Jobs and Workflows

Job Lifecycle
Generated Files
Updating a deployment
- Applying configuration changes.
Undeploy (teardown)
Resource Discovery
Checking resources
Ad-hoc Jobs
Locking
Operational status and state

The core behavior of Unfurl is to run a Job that executes a Workflow on a given topology instance.

There are two fundamental workflows (“normative workflows” in TOSCA terminology): deploy, which installs the topology, and undeploy, which uninstalls it.

There are also check and discover workflows which update the status of instances the based on their current live state.

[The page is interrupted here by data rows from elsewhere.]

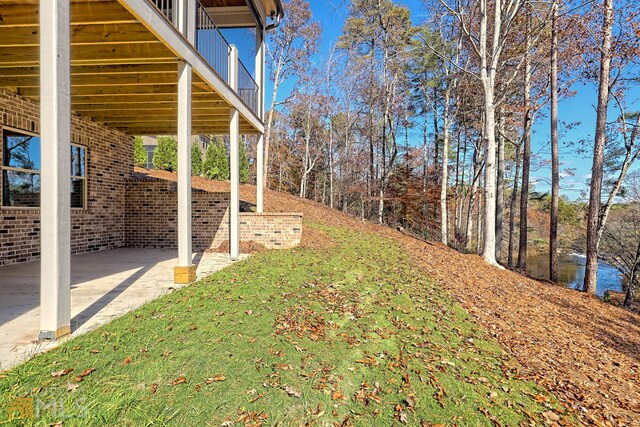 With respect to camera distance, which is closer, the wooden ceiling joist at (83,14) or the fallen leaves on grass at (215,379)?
the fallen leaves on grass at (215,379)

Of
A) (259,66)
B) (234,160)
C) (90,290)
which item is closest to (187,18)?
(234,160)

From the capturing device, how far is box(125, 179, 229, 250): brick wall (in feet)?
25.2

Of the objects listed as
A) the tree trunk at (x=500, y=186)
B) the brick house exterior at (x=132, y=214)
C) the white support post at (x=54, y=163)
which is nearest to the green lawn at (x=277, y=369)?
the white support post at (x=54, y=163)

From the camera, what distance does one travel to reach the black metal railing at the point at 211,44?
Answer: 17.3 ft

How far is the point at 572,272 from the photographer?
18734mm

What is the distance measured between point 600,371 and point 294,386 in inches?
147

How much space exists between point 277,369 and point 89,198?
6822 millimetres

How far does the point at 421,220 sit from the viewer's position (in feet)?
66.1

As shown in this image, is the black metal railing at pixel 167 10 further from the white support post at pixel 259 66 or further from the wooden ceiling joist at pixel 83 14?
the white support post at pixel 259 66

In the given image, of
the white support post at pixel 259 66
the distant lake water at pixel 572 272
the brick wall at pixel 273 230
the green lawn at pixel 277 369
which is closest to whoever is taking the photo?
the green lawn at pixel 277 369

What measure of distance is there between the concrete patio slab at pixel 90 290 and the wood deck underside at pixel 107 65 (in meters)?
3.04

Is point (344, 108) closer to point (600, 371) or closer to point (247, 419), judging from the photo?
point (600, 371)

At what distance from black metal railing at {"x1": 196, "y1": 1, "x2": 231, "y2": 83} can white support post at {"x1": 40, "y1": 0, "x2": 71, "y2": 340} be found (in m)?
2.73

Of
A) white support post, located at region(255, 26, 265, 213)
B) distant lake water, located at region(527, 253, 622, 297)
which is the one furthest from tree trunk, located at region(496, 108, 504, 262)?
white support post, located at region(255, 26, 265, 213) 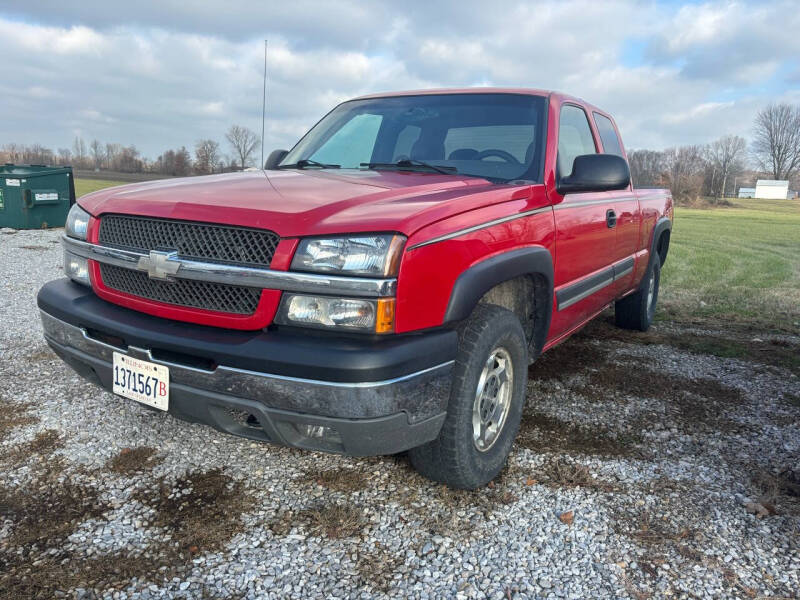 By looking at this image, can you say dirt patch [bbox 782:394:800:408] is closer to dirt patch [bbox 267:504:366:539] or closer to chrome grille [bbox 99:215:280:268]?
dirt patch [bbox 267:504:366:539]

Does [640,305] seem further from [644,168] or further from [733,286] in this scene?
[733,286]

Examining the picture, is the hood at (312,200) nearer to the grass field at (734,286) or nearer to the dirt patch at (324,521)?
the dirt patch at (324,521)

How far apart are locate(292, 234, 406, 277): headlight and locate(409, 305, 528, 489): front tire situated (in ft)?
1.71

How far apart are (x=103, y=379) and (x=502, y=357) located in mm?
1735

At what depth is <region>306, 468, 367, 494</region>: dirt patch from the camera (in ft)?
8.72

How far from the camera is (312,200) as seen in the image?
232 centimetres

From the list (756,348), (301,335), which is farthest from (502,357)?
(756,348)

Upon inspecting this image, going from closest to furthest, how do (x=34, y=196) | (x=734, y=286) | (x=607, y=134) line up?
1. (x=607, y=134)
2. (x=734, y=286)
3. (x=34, y=196)

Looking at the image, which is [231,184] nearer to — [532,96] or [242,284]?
[242,284]

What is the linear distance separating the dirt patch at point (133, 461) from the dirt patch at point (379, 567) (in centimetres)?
120

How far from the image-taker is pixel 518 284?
3.05 m

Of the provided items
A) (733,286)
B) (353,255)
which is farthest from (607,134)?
(733,286)

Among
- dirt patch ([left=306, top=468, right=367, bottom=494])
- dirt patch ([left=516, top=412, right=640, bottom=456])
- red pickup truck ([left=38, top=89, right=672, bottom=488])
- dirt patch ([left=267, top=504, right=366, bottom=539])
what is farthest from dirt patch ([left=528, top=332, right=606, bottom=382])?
dirt patch ([left=267, top=504, right=366, bottom=539])

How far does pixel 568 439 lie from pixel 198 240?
2.18 m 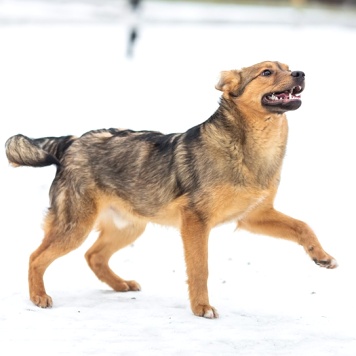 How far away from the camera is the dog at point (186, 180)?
7.27 metres

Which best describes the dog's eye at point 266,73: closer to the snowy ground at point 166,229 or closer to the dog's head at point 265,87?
the dog's head at point 265,87

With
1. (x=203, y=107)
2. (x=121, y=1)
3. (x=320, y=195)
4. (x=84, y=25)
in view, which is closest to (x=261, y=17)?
(x=121, y=1)

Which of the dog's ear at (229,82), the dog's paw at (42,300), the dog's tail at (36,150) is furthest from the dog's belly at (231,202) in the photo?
the dog's tail at (36,150)

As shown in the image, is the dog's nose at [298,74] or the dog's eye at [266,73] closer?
the dog's nose at [298,74]

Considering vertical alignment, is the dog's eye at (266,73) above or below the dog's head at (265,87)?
above

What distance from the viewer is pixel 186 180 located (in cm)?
748

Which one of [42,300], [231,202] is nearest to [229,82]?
[231,202]

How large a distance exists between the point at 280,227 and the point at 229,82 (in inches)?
44.7

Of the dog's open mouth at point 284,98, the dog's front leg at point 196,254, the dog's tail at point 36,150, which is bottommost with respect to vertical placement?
the dog's front leg at point 196,254

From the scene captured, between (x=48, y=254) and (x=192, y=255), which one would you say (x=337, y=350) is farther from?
(x=48, y=254)

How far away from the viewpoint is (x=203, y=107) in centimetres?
1644

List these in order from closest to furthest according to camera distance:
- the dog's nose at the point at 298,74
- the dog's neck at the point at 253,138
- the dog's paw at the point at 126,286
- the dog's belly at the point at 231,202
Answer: the dog's nose at the point at 298,74 < the dog's belly at the point at 231,202 < the dog's neck at the point at 253,138 < the dog's paw at the point at 126,286

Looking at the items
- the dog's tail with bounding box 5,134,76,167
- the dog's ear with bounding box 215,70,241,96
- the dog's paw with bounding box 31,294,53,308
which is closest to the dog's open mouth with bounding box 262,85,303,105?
the dog's ear with bounding box 215,70,241,96

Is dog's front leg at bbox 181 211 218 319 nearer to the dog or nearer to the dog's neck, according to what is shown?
the dog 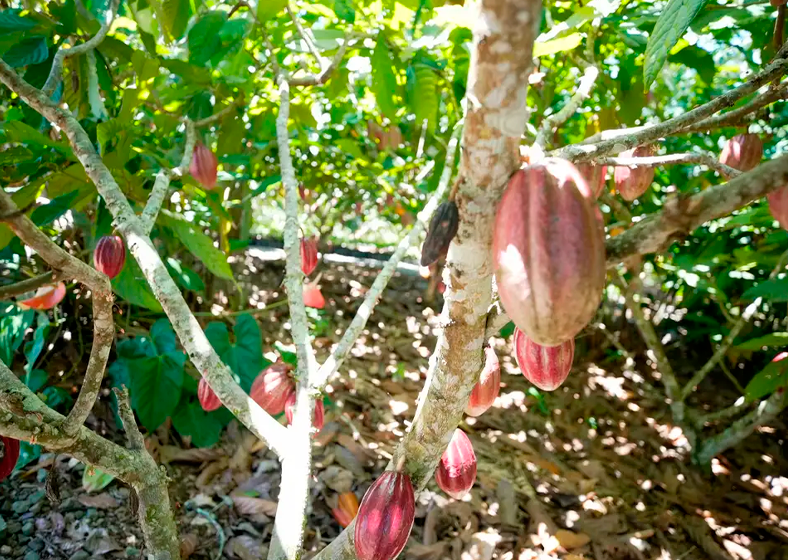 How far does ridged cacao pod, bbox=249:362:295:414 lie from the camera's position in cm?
117

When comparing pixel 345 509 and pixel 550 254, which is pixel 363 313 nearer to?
pixel 550 254

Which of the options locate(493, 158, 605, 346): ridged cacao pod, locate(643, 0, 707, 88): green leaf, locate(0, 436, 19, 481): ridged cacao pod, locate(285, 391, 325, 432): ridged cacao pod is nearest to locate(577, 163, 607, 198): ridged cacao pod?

Each of these workflows can be triggered with the equivalently named commands. You can run custom workflows using unfurl run. You can preview a workflow plan with unfurl plan.

Job Lifecycle 

When a command that invokes a workflow is executed (deploy, undeploy, check, discover and run) a job is created and run. Running a job entails these steps:

YAML parsed and merge directives are processed, including converting Python DSL code to TOSCA YAML.
Schema is validated and model instantiated. The command will exit if there are errors.
A plan is constructed based on the selected workflow and job options (use unfurl plan command to preview) and the job begins.
If planned tasks require local dependencies to be installed, such as tool artifacts, install them by running an external job (in The Localhost Ensemble, if defined).
For each operation a task is generated and rendered. during which the operation’s Inputs are lazily evaluated and dependencies are tracked if referenced, including Unfurl expressions, TOSCA functions, and template strings.
The plan is updated to reflect any new dependencies detected and a plan summary is printed. Any operations whose rendering depended on live attributes will be deferred until those attributes are set when the task is executed. The job will exit now if there are unrecoverable errors or if you are running the unfurl plan command.
Execute the plan. You will be prompted to approve the plan summary unless the --approve flag was used. As it runs, it tracks dependencies and changes to resource attributes and status.
Re-execute steps 5 and 6 to render and run any deferred operations if needed. Repeat until all operations complete.
After the job completes, ensemble.yaml is updated with any changes to its instances status. It’s jobs folder with have new job.yaml file and associated log files.
If the --commit flag was set, the ensemble’s git repository will see a new commit containing changes to any files touched by the job, along with commits to any other project repositories that had changes to it. And if the --push flag was set, the commits will be automatically pushed.

After the job finishes, a summary is printed showing the results of each operation along with any Outputs defined in the model.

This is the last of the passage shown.